SHOPIA: A silver lining in all the heavy snowfall that south Kashmir has seen in recent days is the cheer it has brought to farmers, apple growers, and orchardists. They as well as horticulture experts say that good snowfall in winter guarantees a good crop in the year ahead, ensuring plentiful water for irrigation of orchards and paddy fields in seasons of summer and autumn.
Majority of areas in south Kashmir have received two to four feet of snow in the past three days. Locals in Anantnag said that despite the chilling long winter this year, the district had received comparatively less snowfall than usual, until the recent spell which saw snow accumulating up to two feet.
In Kulgam’s DH Pora, local resident Bashir Ahmad Sheikh said that the latest snowfall was the heaviest in many years. He said people in Kulgam, despite facing many problems due to the inclement weather, were happy.
“Orchards are the sole means of our livelihood and the problems we face due to snowfall can be discounted when we consider prospects of a good crop ahead,” he said.
According to horticulture experts, plentiful snow not only maintains the water table but also leads to timely sprouting of trees, raising not just the yield but also the quality of fruits.
Residents of Pulwama’s Kakpora belt said they were happy as farmers last year had not been able to sow paddy due to shortage of water, a result of less snow in winter.
“We hope this year we would be able to sow paddy as there has been sufficient snowfall,” said Liyakat Ahmad Lone, a farmer in Kakpora.

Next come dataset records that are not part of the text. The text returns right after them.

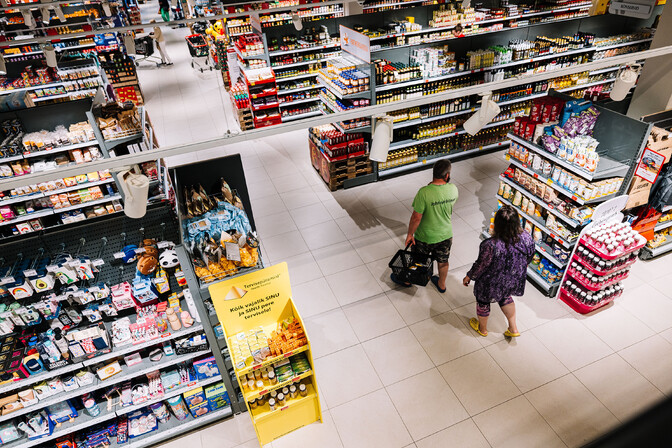 Toidupakenditel peab 2028. aastaks olema ühine prügisorteerimise märgistus | Eesti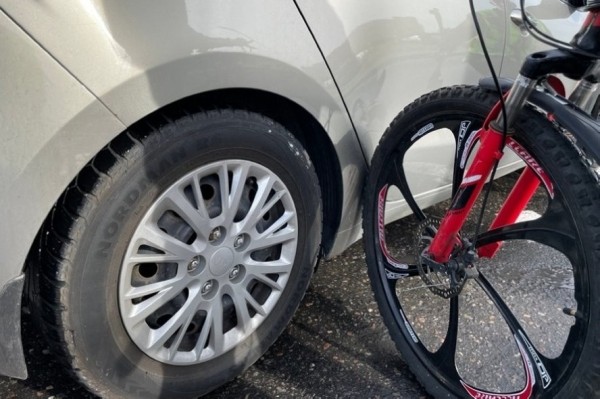 В ДТП пострадал велосипедист. Следствие установило: водитель автомобиля не виноват В ДТП пострадал велосипедист. Следствие установило: водитель автомобиля не виноват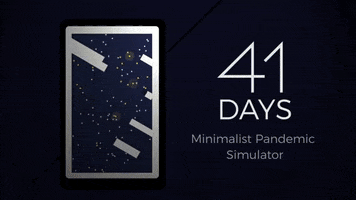 Pandemic Strategy Game GIF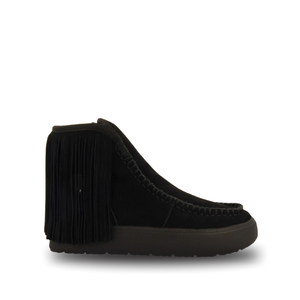 Gioseppo Fringed Australian-Style Boots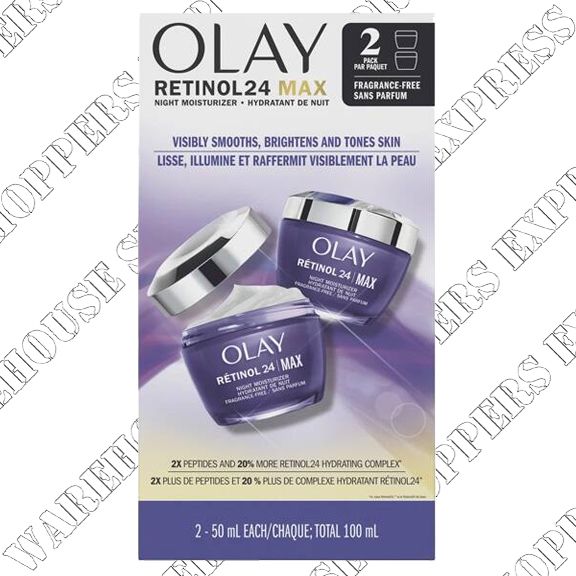 Olay Regenerist Retinol 24 Night Cream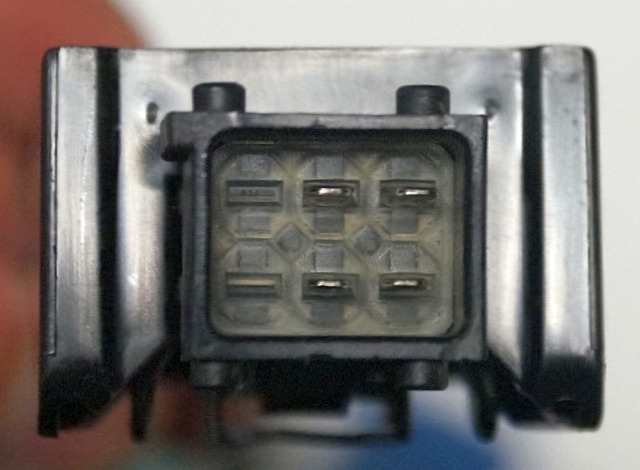 Electrical system for Material handling equipment Jungheinrich 51525865 | Directional switch sn. SFTT00026713221914: picture 6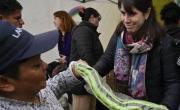 Campaña Invierno: Buenos Aires refuerza la asistencia integral a personas en situación de calle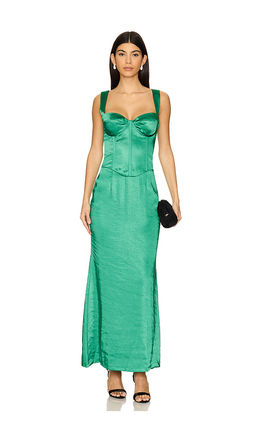 Runaway The Label - Oura Maxi Dress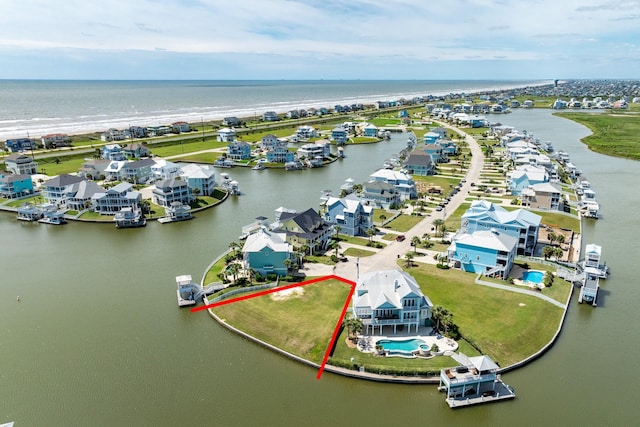 Listing photo 2 for 20603 E Sunset Bay Dr, Galveston TX 77554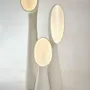 Lampadaires - Amba 170 – Lampe sculpturale grand format - ATELIER HENRI DEJEANT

Snow deposited at higher altitudes melts in summer to provide a constant and sufficient supply of water for irrigation purposes. According to weather experts, the higher altitudes last year witnessed very less snowfall, which led to shortage of irrigation water. The experts said that this year’s snowfall will prove beneficial for both agriculture and horticulture. There will also be sufficient drinking water round the year, they said.
The heavy snowfall this week has caused some damage to apple orchards but it is nowhere as much as that caused by the unseasonal snowfall on November 3 last year. Lakhs of apple trees were damaged by that snowfall, especially in south Kashmir, inflicting heavy losses on fruit growers and traders. The government provided orchardists some compensation but it was so low that people complained it was not even enough to buy the ropes used to bind damaged branches of trees.
Horticulture scientists say that snow also keeps diseases at bay from orchards. They advised orchardists to drain out accumulated water from orchards and fields to prevent excess absorption in soil.